The Slovenia Times

Parliament Debate Shows Entrenched Opinions on Privatisation



The session, the third dedicated to the topic in the current parliament, was held at the request of the United Left (ZL), which insists the parliamentary resolution needs to be repealed and a new strategy of management of state assets drawn up in cooperation with all stakeholders.

But the Finance Committee rejected the proposal from the ZL to call off the decision of the National Assembly from 2013 to short-list 15 state-owned companies for privatisation.

Luka Mesec, the ZL deputy group leader, touted a petition against privatisation co-sponsored by his party that has so far collected 11,000 signatures. He said the ongoing privatisation was "neither fair nor useful or voluntary".

His party opposes privatisation in general, but in particular the sale of Telekom Slovenije, by far the biggest company on the privatisation list.

If the state assets are sold in their entirety, this would net around 11 billion euros, and Slovenia would still be left with 17 billion euros of general government debt. "What we will be selling then, we don't know," Mesec said.

Government representatives meanwhile warned that privatisation needs to be carried out in order to protect Slovenia's international credibility, while maintaining that this is not a "fire sale" of state assets.

Dušan Mramor, the finance minister, mounted a defence of privatisation efforts, suggesting that continuation of privatisation was crucial if Slovenia is to retain access to international financial markets.

He said he met 45 investors on the margins of the meeting of the IMF and the World Bank in October, and they wanted to know three things: whether Slovenia is politically stable, whether it will privatise state-owned companies, and whether the budget deficit will be in accordance with EU rules.

Mramor stressed that the list of companies to be privatised was confirmed in parliament in order to satisfy investors who were ready to refinance Slovenia's debt and borrow fresh capital "when the country was practically on the way of Greece".

"Slovenia must continue what it set out to do, including with regard to privatisation...All other debates could very quickly lead us to a situation where we used to be," he said in reference to Slovenia being shut out of financial markets for much of 2014.

Economist Jože Mencinger, who spearheaded the anti-privatisation petition, was adamant that the privatisation plan ought to be scrapped since the situation has changed substantially since 2013.

But Mrak, a renowned economist, noted that credibility has been one of Slovenia's biggest problems and reneging on privatisation could erode its credibility.

Moreover, he said corporate governance was poor. "I don't believe the illusion that we will henceforth manage companies better," he said, noting that Slovenia still needed international financial markets.

Nevertheless, Mrak warned against rushing new lists of companies for privatisation.

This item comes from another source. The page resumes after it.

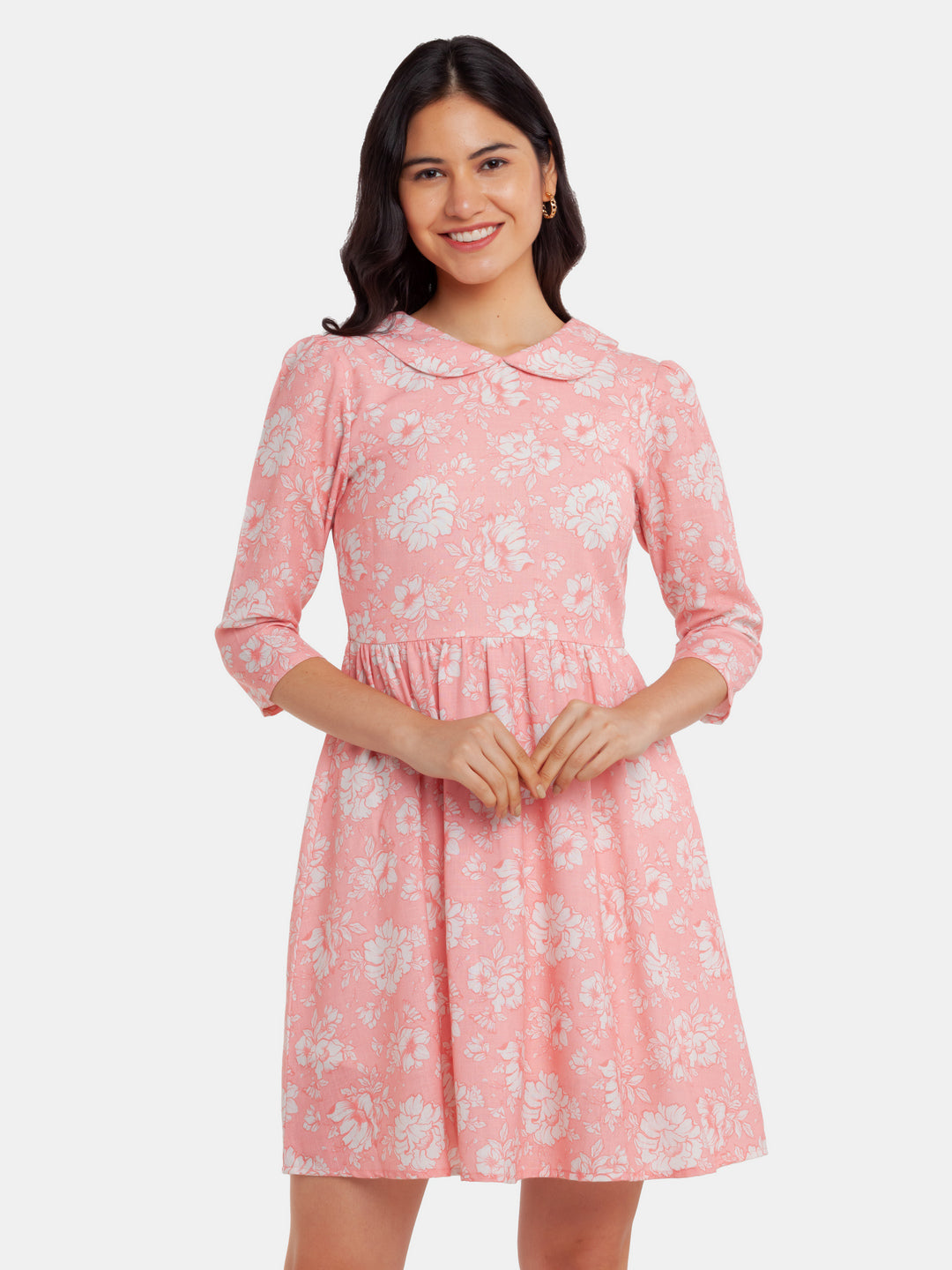 Pink Printed Short Dress For Women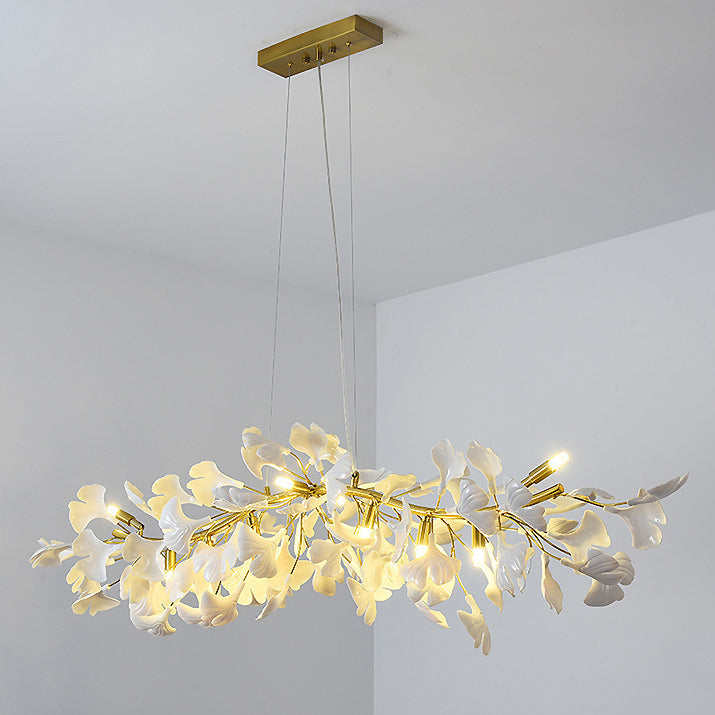 Elegant French Ginkgo Leaf Iron and Ceramic Chandelier for Bedroom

Slovenia needs a much more serious development strategy which should include privatisation as just one of the instruments.

Deputy Dušan Verbič of the ruling SMC party said that Slovenia's credibility must be preserved, but that privatisation must be very transparent. Marko Pogačnik of the opposition Democrats (SDS) added that the procedure has gone too far and that halting it would be damaging to Slovenia.

Privatisation was also endorsed by Jožef Horvat of the opposition New Slovenia (NSi), and Jani Möderndorfer of the opposition Alenka Bratušek Alliance added that the anti-privatisation hysteria should be stopped. "I'm afraid that someone is scoring political points here."

While Uroš Prikl of the coalition Pensioners' Party (DeSUS) also spoke about Slovenia's credibility on the international markets, coalition Social Democrats (SD) MP and former Finance Minister Franc Križanič said that the parliament was pressured to make such a decision.

The ZL also proposed that expert public and representatives of employees and civil initiatives are involved in the drafting of the strategy of management of state assets, but this proposal was also rejected by the committee.

Finance Ministry State Secretary Metod Dragonja said that the ministry is working intensively on a draft strategy, which will first be presented to deputy groups, and then sent for public debate. A working draft has been already completed but is still labelled as confidential, he added.

Coinciding with the debate, a group of liberal associations today launched a petition in favour of privatisation, which has so far collected over 3,300 online signatures.

While the petition is ostensibly non-partisan, it has been endorsed by the opposition SDS, who have demanded the committee hold an extraordinary session to debate it.

Privatisation has been one of the main topics in the first four months of the Miro Cerar government. The prime minister was initially seen as an opponent, but he has since changed tack and has pledged numerous times that the 15 companies on the initial list would be privatised.

Nevertheless, there have been tensions in the government over the issue, as the Social Democrats (SD) started to backtrack, arguing that the plan should be reconsidered. Commentators attribute the move to the fear that the party is being outflanked on the left by the ZL.

The remaining coalition partners, the SMC and DeSUS insist that privatisation must continue and that ongoing procedures cannot be stopped.